DATA SECTION: Begin

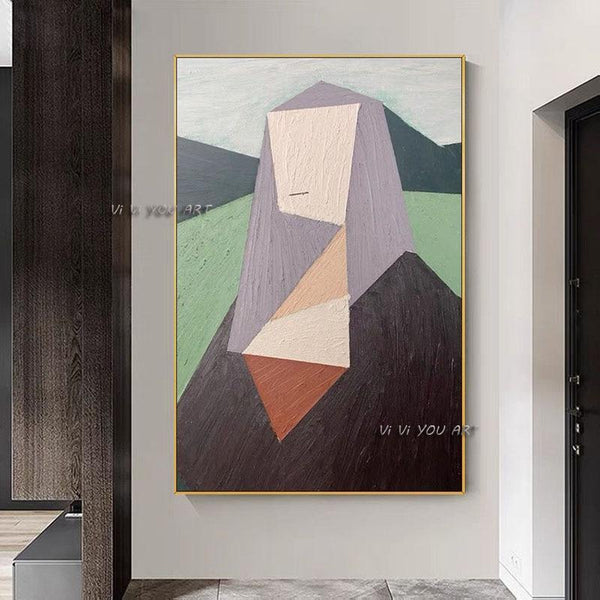 Hand Painted Minimalist Abstract Wood Body Painting Modern Woman Canvas Prints Scandinavian Decor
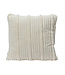 Coussin carré ligné blanc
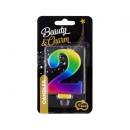 Number Galaxy Colorful Number 2 Candle, Birthday Candle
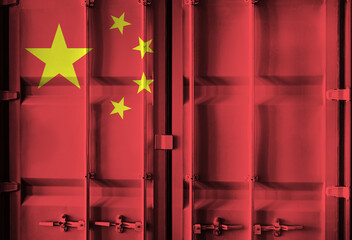 Shipping container with Chinese national flag overlay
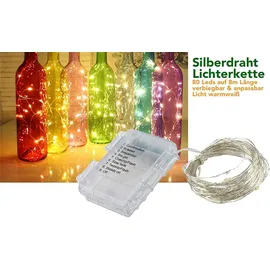 ChiliTec Led Batterie-Lichterkette 80 micro LEDs, 8m, warmweiß, IP44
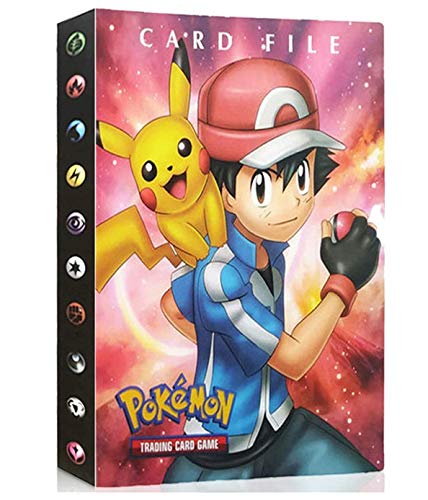 Álbumes Compatible con Cartas Pokemon, Carpeta Compatible con Cartas de Pokémon, Álbum Titular Compatible con Cartas Pokémon, 30 páginas con capacidad para 240 cartas (Red Ash)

DATA SECTION: End

WORK TO COMPLETE. Restate word for word the lines from the one holding "Coussin carré ligné blanc" down through the last line of the records above, and do not include the pictures.

OUTPUT.
 Coussin carré ligné blanc
 Number Galaxy Colorful Number 2 Candle, Birthday Candle
 Shipping container with Chinese national flag overlay
 ChiliTec Led Batterie-Lichterkette 80 micro LEDs, 8m, warmweiß, IP44
 Álbumes Compatible con Cartas Pokemon, Carpeta Compatible con Cartas de Pokémon, Álbum Titular Compatible con Cartas Pokémon, 30 páginas con capacidad para 240 cartas (Red Ash)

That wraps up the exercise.